Whereas banking reform and flexible interest rates have been affected through an exhaustive legislative process, flexible mortgages are being put into effect by regulation with little public airing, consumer witnesses told Rosenthal's committee.

Most of them deplored the lack of consumer safeguards in the RRM proposal such as the guaranteed right of a borrower to elect a standard fixed-rate mortgage instead of being obliged by the lender to take a renegotiable loan.

When the Bank Board first approved variable rate mortgages -- in these the interest rate goes up or down a little each year instead of remaining fixed for a given period -- the freedom to choose was included.
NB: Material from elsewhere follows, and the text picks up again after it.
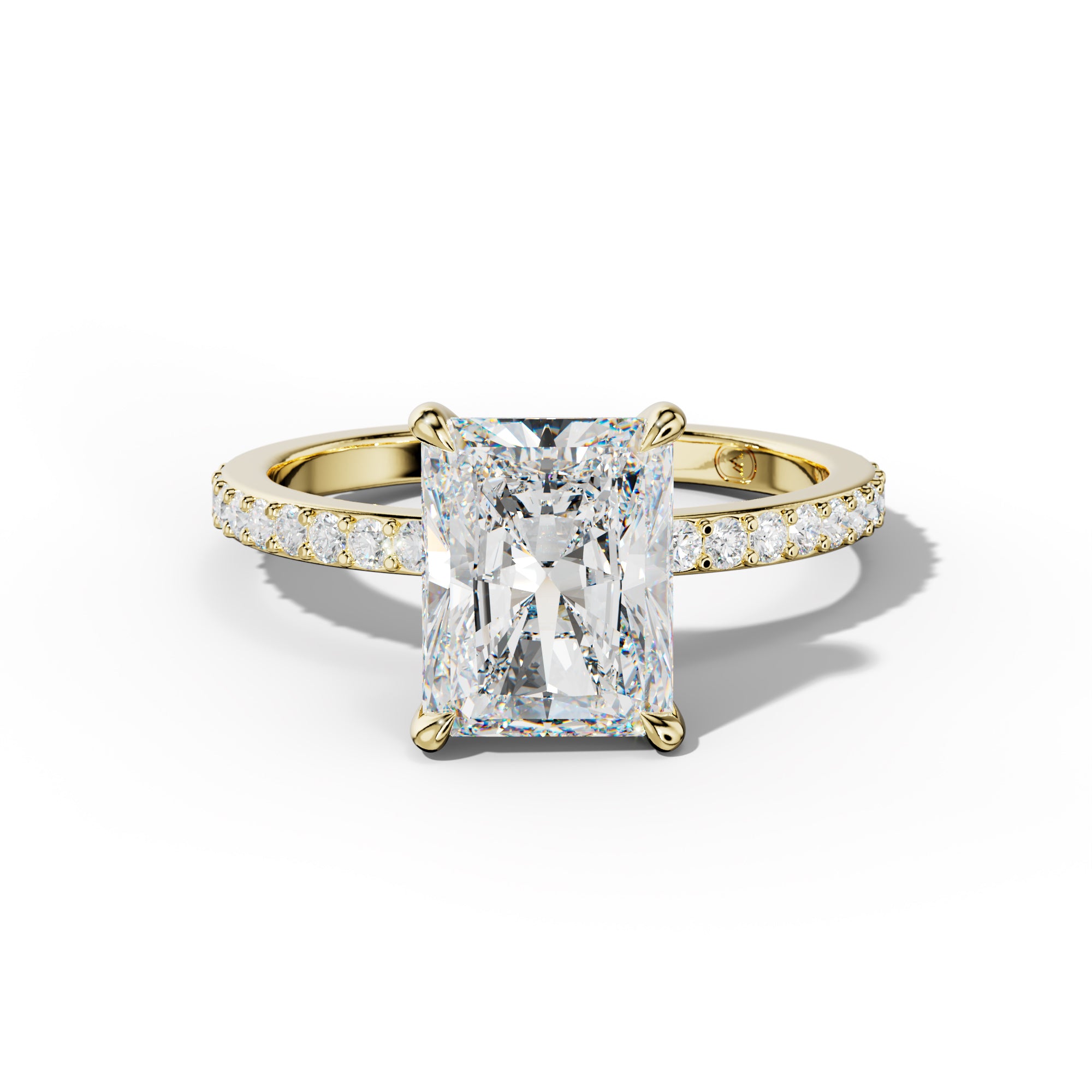 Olivia Radiant Cut Diamond Engagement Ring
When variables proved unsalable because lenders had to offer a choice of a standard loan and had to reveal the "worst case," or how high the variable payments could go, the bank board bowed to industry pressure to cut these consumer safeguards. g

Among those calling for a guaranteed choice were White House consumer adviser Esther Peterson, Housing and Urban Development Secretary Moon Landrieu, Consumers Union and Gale Cincotta, chairwoman of National Peoples Action in Chicago.

Cincotta calculated 85 to 90 percent of U.S. families, whose median income is $21,000 a year, would be excluded from buying a $50,000 house if they had RRMs which allowed interest rates to climb as much as five percent above current 16 percent levels.

Other criticisms of the Bank Board's proposal center on the index by which rates would be renegotiated. It would allow a thrift institution to set a renewal rate based on "then current market rates on similar loans," a method critics feel would lead to abuses.